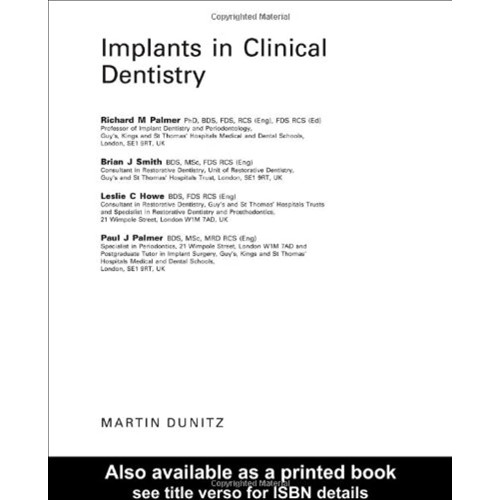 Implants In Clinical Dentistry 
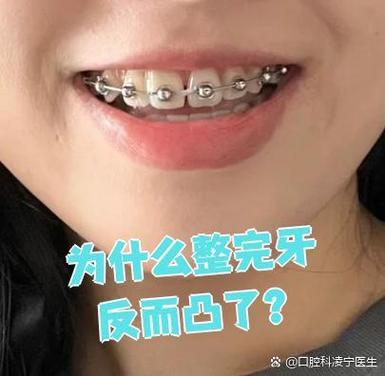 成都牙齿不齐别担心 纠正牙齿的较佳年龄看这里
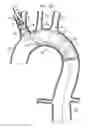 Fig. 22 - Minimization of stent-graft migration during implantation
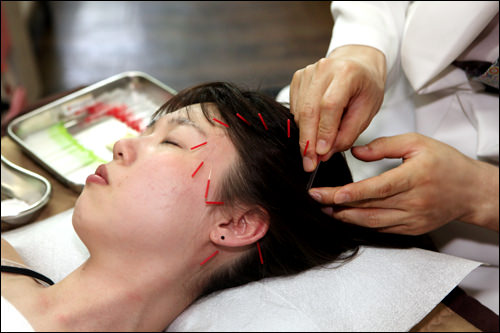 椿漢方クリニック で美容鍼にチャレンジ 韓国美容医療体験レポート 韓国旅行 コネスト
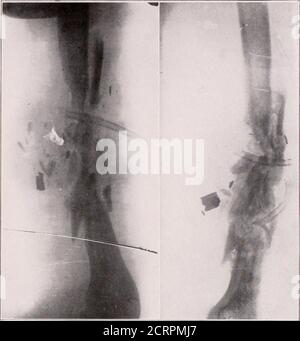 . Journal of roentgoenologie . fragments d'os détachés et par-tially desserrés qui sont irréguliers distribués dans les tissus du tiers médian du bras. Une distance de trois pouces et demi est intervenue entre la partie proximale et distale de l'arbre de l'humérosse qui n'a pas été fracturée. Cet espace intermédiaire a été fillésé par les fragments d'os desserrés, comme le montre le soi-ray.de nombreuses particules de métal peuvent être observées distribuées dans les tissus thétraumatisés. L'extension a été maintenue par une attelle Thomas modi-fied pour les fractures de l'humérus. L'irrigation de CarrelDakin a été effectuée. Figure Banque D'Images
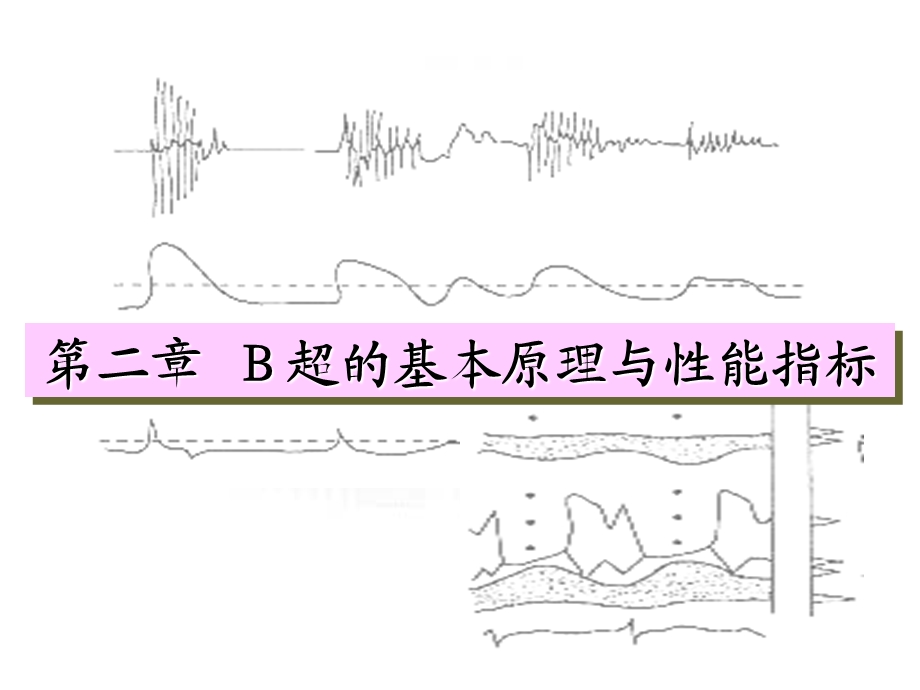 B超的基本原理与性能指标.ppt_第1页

--

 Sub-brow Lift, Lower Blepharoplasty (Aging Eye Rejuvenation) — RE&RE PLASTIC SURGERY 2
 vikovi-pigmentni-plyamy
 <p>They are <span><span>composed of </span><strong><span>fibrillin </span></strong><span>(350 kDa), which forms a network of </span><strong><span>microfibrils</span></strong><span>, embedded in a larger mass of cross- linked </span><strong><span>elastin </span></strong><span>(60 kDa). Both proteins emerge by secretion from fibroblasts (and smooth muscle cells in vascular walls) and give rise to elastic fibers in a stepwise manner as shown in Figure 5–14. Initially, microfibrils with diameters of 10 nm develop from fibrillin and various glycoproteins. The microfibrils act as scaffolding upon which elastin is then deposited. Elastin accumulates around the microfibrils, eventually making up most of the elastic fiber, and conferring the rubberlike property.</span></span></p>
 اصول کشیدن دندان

▶ _Activity_: Copy nothing but the lines above from the one with "Implants In Clinical Dentistry" to the one with "B超的基本原理与性能指标.ppt_第1页", inclusive, word for word. Leave every picture out.

▶ _Written response_:
 Implants In Clinical Dentistry 
 成都牙齿不齐别担心 纠正牙齿的较佳年龄看这里
 Fig. 22 - Minimization of stent-graft migration during implantation
 椿漢方クリニック で美容鍼にチャレンジ 韓国美容医療体験レポート 韓国旅行 コネスト
 . Journal of roentgoenologie . fragments d'os détachés et par-tially desserrés qui sont irréguliers distribués dans les tissus du tiers médian du bras. Une distance de trois pouces et demi est intervenue entre la partie proximale et distale de l'arbre de l'humérosse qui n'a pas été fracturée. Cet espace intermédiaire a été fillésé par les fragments d'os desserrés, comme le montre le soi-ray.de nombreuses particules de métal peuvent être observées distribuées dans les tissus thétraumatisés. L'extension a été maintenue par une attelle Thomas modi-fied pour les fractures de l'humérus. L'irrigation de CarrelDakin a été effectuée. Figure Banque D'Images
 B超的基本原理与性能指标.ppt_第1页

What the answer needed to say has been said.